Still, most officials see this idea for the current imbroglio as a kind of governmental “hail Mary” pass to avoid a debt default rather than a logical way out of the mess. Others have suggested the government simply issue one or two $1-trillion platinum coins and deposit them with the Federal Reserve Bank. This would allow more debt to be issued against those bits of precious metal. There are others who are urging the president to ignore the question entirely and just pay the bills and see where things go from there (presumably to the courts for prolonged litigation and lots of uncertainty).

In most circumstances, this legislative tussle might be seen as the 21st-century US equivalent of a mediaeval monastic debate about how many angels can dance on the head of a pin. But, according to the treasury’s calculations, without a rise in the debt ceiling, by 1 June, the country’s federal government revenues will run out, without the borrowing.

Donald Trump’s flip comment the other day during his CNN town hall that the default should happen this time (he’s no longer president so it is no skin off his nose) to provoke some kind of solution on drastic spending cuts clearly has not had a positive effect on the situation, especially since in his administration there was little dispute over the periodic debt ceiling increases. If, or when, that default should happen, even the optimists are whispering about a cascade of baleful but unpredictable repercussions — on stock exchanges, on foreign exchange markets, on the ability of the federal government to pay its bills (including government employee salaries and social security payments), on interest rates banks will charge given the higher levels of insecurity in the economy — and then on through to the veritable collapse of civilisation and a new dark age.

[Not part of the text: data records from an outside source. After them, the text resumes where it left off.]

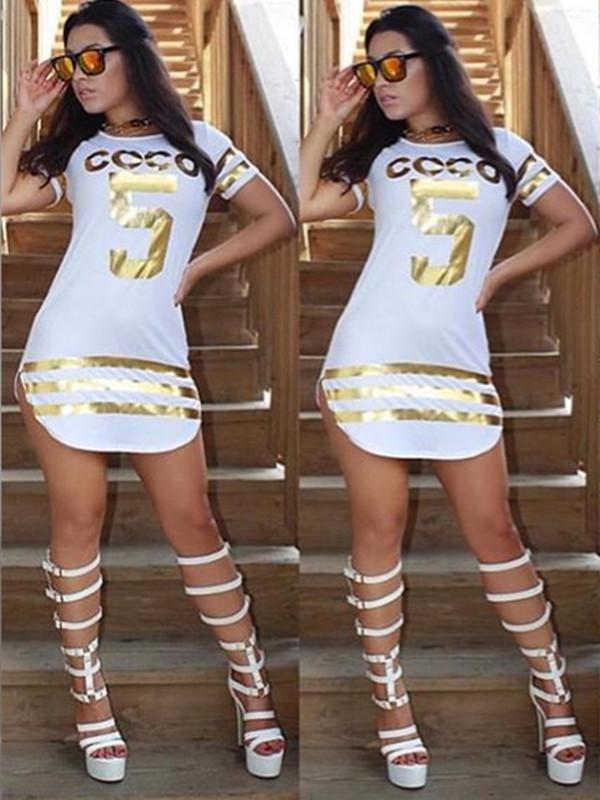 Las mujeres de bronce letras Print Casual Dress 2015 Las nuevas negro deportivas Dress Club Dress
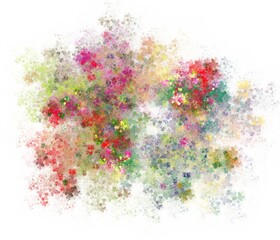 Abstract illustration of colorful flowers in full bloom.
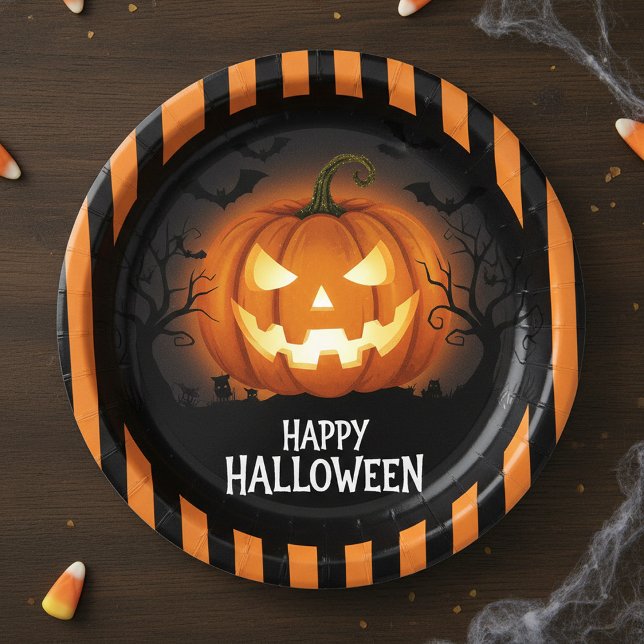 Plato De Papel Glowing Jack-O'-Lantern Spooky Happy Halloween  (Subido por el creador)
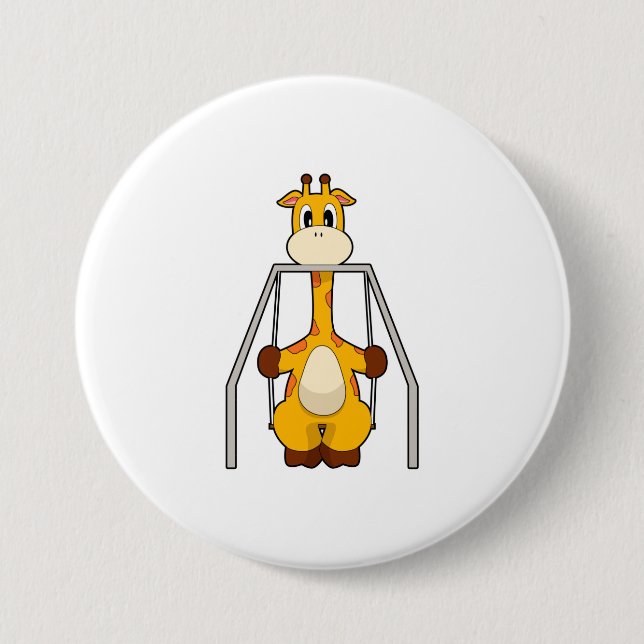 Giraffe Swing 3 Inch Round Button (Front)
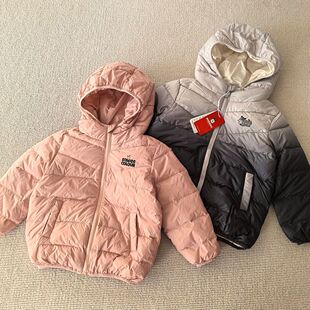 100-150码~冬装男女童装  85白鸭绒晕染蓄热连帽休闲轻便羽绒服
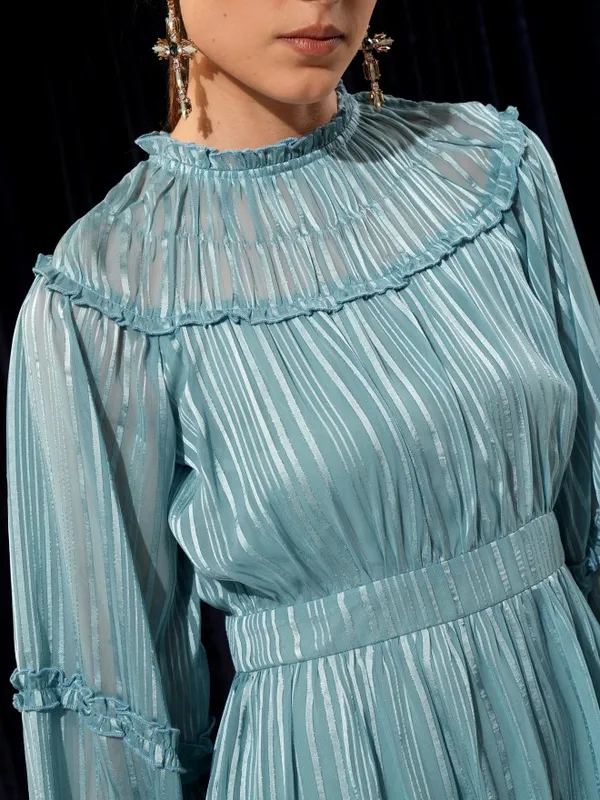 Tokyo Talkies Women Teal Solid Woven Ruffled Fit And Flare Dress 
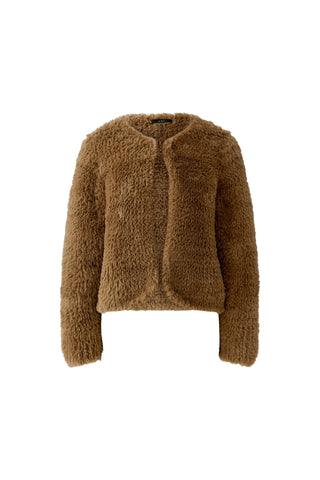 Oui Faux Fur Yarn Knitted Jacket Brown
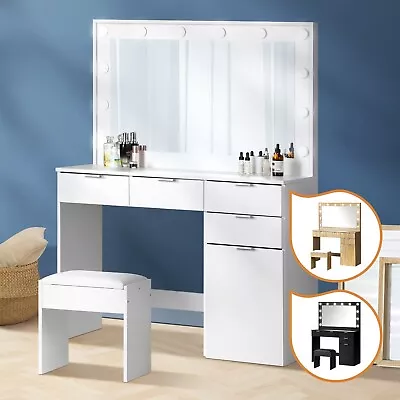 Oikiture Dressing Table Stool Set Makeup Large Mirror Dresser Vanity 12 LED Bulb • $237.41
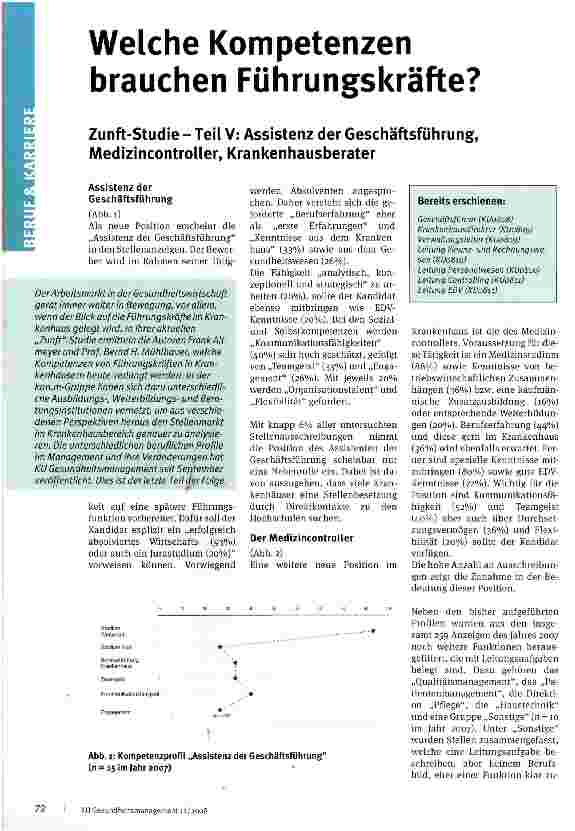Vorschauseite 1: Welche Kompetenzen brauchen Führungskräfte? Zunft-Studie - Teil V: Assistenz der Geschäftsführung, Medizincontroller, Krankenhausberater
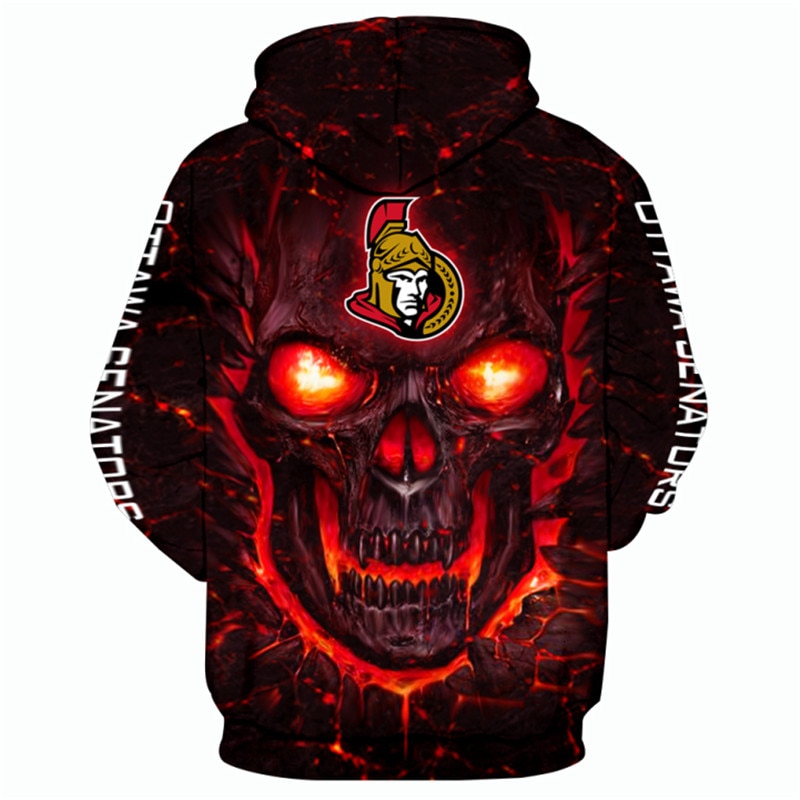 Ottawa Senators Skulls 3D Hoodie - Halloween Pullover Nhl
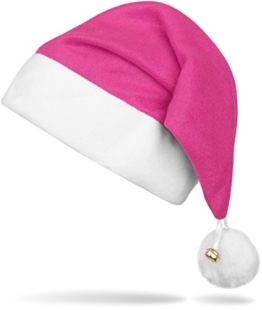 styleBREAKER klassische Weihnachtsmütze mit Pompon und Glocke, Nikolausmütze, Mütze mit Bommel, Unisex 04024028, Farbe:Pink -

Even without the worst consequences, the default will have impacts on international relations beyond these economic and financial issues. This snarl and the lack of an evident compromise between the president and Speaker of the House (and the Republican congressmen and women pushing him closer to the precipice) and the fact that the default date looms ever closer, has meant Biden cut short his Pacific visit for the G7 meeting and visits to Papua New Guinea and Australia. The US debt ceiling debacle vied for the attention of the G7 leaders meeting in Hiroshima with the continuing fighting in Ukraine from the Russian invasion.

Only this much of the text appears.